The classrooms at CICS Irving Park felt more collaborative and were surprisingly not chaotic, despite what I expected.

A growing part of student’s learning is self-guided

In the new personalised learning model, students learned at their own pace.

Students used laptops and tablets to work through material by themselves and in small groups. Learning was aided by software such as the Summit Learning platform (developed by Facebook) to help students manage their own learning.

In the traditional teaching model, a teacher would cover material, test students to see what they knew, and then move on to the next topic. Instead, the personalised learning model helps students work through material themselves and achieve very specific learning outcomes and skills. The teacher acts as a floating resource who manages the classroom and helps the students work through the material. Better performing students can move on to more additional topics and even help other students. For less performing students, teachers get a daily report on student performance and can intervene in near real-time on helping these students overcome very specific issues in a targeted way.

When Brian told me that students were given the autonomy to learn themselves and in their own manner, I expected that classrooms would descend into anarchy. I expected that students left to their own devices, especially middle school students, would quickly abandon work and become disruptive. I was completely wrong. Students were mature enough to appreciate the autonomy they had been given and act accordingly.

Gamification is changing student mindsets to learning

In the new personalised learning model, gamification is used to guide student learning.

In one of the classes I visited, I was speaking to a second grade student about a reading/comprehension module that he was doing on his tablet. Suddenly one of his friends walked over and asked “What level are you on? I’m on level 15.”. When the first student replied “I’m on level 17.”, his friend immediately went back to his chair and intensely started working through the exercises.

The vice principal who was showing us around mentioned that many of the students (including her own daughter) regularly discuss their progress outside of class on weekends and playdates. Schools have even changed their language around progress to saying that students “achieved” a specific level instead of students “are at” that level, to turn this competitive spirit into a growth mindset.

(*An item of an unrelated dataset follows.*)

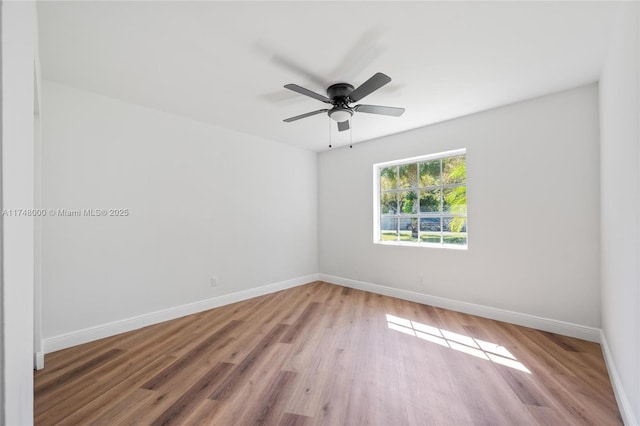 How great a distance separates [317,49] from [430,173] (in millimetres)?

It’s amazing to see how gamification (applying elements of playing games to other aspects of life) has been used so effectively in an academic context. In adult lives, companies such as Starbucks have used gamification to change individual consumer behaviour. To see it applied to children in an academic context is especially interesting and exciting.

However, change is not easy

Implementing the new personalised learning model requires overcoming a lot of opposition.

Parents are often concerned about the risk that a new model of learning could negatively impact their children's educational outcomes. I was sceptical that the model would not descend into anarchy and I am sure that many parents also shared my concerns.

Teachers can also be opposed to adopting a new model of teaching, especially for older teachers who may have used traditional teaching models for decades. I heard a story of an older teacher (not at CICS Irving Park) who had received free iPads for each student in their class, as part of an educational program from Apple. This teacher refused to use the iPads as they didn't believe they would be useful or valuable for the students. The iPads went from being a useful education tool to useless clutter in a corner of a classroom.

School networks can also restrict progress given the investment and organisational change required to implement personalised learning models. That Distinctive Education operates in a charter school network, outside the constrains of a government run school network, makes it much easier for them to implement changes.

The future of education is exciting

My visit made me incredibly excited for the future of education and the impact that technology and personalised learning will have on students. I can't wait to see this adopted everywhere.